AwsRequestSigning (proto)

This extension has the qualified name envoy.filters.http.aws_request_signing


This extension is functional but has not had substantial production burn time, use only with this caveat.

This extension is not hardened and should only be used in deployments where both the downstream and upstream are trusted.


This extension extends and can be used with the following extension category:

This extension must be configured with one of the following type URLs:

AwsRequestSigning configuration overview.


[extensions.filters.http.aws_request_signing.v3.AwsRequestSigning proto]

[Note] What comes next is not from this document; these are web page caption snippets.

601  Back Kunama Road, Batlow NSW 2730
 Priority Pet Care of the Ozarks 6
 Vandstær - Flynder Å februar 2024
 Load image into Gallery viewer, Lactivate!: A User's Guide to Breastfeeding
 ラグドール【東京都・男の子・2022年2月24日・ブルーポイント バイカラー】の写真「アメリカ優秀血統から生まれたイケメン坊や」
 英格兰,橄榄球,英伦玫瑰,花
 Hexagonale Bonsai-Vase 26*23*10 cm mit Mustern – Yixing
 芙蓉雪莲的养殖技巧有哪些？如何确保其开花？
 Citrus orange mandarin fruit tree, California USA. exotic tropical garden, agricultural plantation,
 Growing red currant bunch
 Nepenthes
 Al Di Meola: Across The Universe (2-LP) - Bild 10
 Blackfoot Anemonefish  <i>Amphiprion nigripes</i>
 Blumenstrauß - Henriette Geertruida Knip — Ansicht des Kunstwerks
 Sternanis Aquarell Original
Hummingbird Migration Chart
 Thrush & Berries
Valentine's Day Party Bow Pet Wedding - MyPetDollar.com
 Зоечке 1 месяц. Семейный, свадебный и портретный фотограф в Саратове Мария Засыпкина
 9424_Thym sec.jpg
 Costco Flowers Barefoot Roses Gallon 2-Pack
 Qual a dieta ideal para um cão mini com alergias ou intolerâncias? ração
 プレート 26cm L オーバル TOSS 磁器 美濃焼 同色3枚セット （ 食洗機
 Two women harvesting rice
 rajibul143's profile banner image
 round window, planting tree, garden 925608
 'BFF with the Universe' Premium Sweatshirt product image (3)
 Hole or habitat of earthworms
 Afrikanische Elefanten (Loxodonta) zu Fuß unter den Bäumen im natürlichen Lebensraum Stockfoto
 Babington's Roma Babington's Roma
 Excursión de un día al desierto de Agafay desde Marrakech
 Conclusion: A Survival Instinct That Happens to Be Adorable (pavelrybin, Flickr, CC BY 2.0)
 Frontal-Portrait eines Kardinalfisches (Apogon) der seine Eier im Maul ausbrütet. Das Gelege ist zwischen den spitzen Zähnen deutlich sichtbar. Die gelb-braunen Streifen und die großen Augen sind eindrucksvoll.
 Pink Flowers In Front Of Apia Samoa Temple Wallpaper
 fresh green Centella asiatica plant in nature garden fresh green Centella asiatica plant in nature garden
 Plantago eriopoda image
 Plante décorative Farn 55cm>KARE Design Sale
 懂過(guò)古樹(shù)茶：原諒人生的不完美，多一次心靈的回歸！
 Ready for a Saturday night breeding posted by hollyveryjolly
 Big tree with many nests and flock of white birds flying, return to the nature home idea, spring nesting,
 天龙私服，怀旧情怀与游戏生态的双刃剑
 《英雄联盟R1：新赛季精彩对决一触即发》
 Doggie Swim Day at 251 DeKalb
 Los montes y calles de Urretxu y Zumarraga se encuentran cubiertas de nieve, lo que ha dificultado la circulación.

Top level configuration for the AWS request signing filter.

  "service_name": ...,
  "region": ...,
  "host_rewrite": ...,
  "use_unsigned_payload": ...,
  "match_excluded_headers": []

(string, REQUIRED) The service namespace of the HTTP endpoint.

Example: s3


(string, REQUIRED) The region hosting the HTTP endpoint.

Example: us-west-2


(string) Indicates that before signing headers, the host header will be swapped with this value. If not set or empty, the original host header value will be used and no rewrite will happen.

Note: this rewrite affects both signing and host header forwarding. However, this option shouldn’t be used with HCM host rewrite given that the value set here would be used for signing whereas the value set in the HCM would be used for host header forwarding which is not the desired outcome.


(bool) Instead of buffering the request to calculate the payload hash, use the literal string UNSIGNED-PAYLOAD to calculate the payload hash. Not all services support this option. See the S3 policy for details.


(repeated type.matcher.v3.StringMatcher) A list of request header string matchers that will be excluded from signing. The excluded header can be matched by any patterns defined in the StringMatcher proto (e.g. exact string, prefix, regex, etc).

Example: match_excluded_headers: - prefix: x-envoy - exact: foo - exact: bar When applied, all headers that start with “x-envoy” and headers “foo” and “bar” will not be signed.